Scientists report that it is possible to detect and predict heat damage in crops by measuring the fluorescent light signature of plant leaves experiencing heat stress. If collected via satellite, this fluorescent signal could support widespread monitoring of growth and crop yield under the heat stress of climate change, the researchers say.
Their study measures sun-induced chlorophyll fluorescence - or SIF - to monitor a plant's photosynthetic health and establish a connection between heat stress and crop yield. The findings are published in the journal Global Change Biology.
Sun-induced chlorophyll fluorescence occurs when a portion of photosynthetic energy, in the form of near-infrared light, is emitted from plant leaves, the researchers said.
There is a link between sun-induced chlorophyll fluorescence and photosynthetic rate in plants; however, it was unclear if SIF detection could measure physiological responses in heat-stressed plants. When soybeans are exposed to high-temperature stress, for example, they do not show any distinctive changes in canopy structure, and conventional remote sensing signals do not provide clear consequential spectral signatures."
Hyungsuk Kimm, Study Lead Author and Natural and Resources and Environmental Sciences Graduate Student, University of Illinois Urbana-Champaign
To clarify the link between SIF and crop yield, researchers used a hyperspectral sensing system to measured SIF above soybean crops in the U. of I.'s Temperature Free-Air-Controlled Enhancement experimental plots in central Illinois. The setup monitored changes in chlorophyll fluorescence of soybean leaf canopies in a controlled environment using infrared lamps to raise temperatures 1.5, 3.0, 4.5, and 6.0 degrees Celsius above the ambient crop canopy temperature, the study reports.
"This experimental setup - and it's a large temperature gradient - is the first of its kind," said co-author Carl Bernacchi, a professor of plant biology and of crop sciences and a research scientist with the U.S. Department of Agriculture's Agricultural Research Service at the U. of I.
"We found that sun-induced fluorescence responds to temperature increases and corresponds with fewer and lower quality soybean leaves," said natural and resources and environmental sciences professor Kaiyu Guan, who directed the study. "We also found that heat stress has a great impact on soybeans during their reproductive stages when the plants are producing grain, which ultimately affects the size and quantity of the resulting soybeans."

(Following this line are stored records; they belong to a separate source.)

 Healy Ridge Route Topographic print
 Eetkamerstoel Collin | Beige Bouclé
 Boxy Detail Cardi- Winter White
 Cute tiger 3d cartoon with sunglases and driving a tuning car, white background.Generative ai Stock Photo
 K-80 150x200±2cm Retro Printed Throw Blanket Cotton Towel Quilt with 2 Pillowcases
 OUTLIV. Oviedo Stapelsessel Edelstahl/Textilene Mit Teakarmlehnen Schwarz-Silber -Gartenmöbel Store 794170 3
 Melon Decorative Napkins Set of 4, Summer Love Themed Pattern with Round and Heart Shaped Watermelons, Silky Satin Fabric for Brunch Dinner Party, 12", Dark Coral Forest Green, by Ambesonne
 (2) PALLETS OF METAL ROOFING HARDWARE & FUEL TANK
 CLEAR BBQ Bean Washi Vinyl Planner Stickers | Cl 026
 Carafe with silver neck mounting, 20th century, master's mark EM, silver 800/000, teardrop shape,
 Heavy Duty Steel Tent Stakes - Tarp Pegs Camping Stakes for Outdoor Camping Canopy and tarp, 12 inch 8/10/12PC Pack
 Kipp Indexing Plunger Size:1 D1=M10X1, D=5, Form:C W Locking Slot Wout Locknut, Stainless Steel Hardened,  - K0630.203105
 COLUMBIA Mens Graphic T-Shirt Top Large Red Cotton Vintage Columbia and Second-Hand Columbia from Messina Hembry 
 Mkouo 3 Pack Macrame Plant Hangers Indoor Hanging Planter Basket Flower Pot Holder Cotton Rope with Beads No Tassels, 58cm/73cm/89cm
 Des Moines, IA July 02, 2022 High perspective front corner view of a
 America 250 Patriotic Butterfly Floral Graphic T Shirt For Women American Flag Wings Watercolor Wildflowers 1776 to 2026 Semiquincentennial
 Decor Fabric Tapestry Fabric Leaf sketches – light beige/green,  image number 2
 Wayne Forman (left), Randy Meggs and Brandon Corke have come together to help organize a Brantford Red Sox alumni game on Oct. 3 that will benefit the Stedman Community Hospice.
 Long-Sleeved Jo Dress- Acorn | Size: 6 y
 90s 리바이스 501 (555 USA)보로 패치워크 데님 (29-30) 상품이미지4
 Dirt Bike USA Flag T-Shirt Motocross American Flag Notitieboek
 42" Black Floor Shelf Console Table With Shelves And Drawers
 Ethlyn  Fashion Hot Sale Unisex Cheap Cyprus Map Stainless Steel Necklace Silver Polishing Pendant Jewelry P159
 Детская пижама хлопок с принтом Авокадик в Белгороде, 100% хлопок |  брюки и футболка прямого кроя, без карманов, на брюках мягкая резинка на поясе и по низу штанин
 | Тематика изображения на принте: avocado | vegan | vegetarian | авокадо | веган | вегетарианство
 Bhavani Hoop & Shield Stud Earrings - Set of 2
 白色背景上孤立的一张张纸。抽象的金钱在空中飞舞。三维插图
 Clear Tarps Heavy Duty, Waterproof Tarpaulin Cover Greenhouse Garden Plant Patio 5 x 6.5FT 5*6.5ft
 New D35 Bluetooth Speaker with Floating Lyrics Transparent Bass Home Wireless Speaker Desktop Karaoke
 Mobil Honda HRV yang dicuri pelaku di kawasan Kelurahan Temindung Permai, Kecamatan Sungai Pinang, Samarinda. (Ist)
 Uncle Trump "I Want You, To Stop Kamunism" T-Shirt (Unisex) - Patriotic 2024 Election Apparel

This study establishes a correlation between heat stress, SIF and grain quality and clarifies how heat stress affects photosynthetic performance and crop yield.
"The technique may provide a tool for breeders to identify more heat-resistant crops and help farmers select the best crops to grow in the U.S. Corn Belt as temperatures rise, as predicted by many climate models," said co-author Lisa Ainsworth, a plant biology professor and U.S. Department of Agriculture scientist at Illinois.
Kimm, H., et al. (2021) Quantifying high-temperature stress on soybean canopy photosynthesis: The unique role of sun-induced chlorophyll fluorescence. Global Change Biology. doi.org/10.1111/gcb.15603.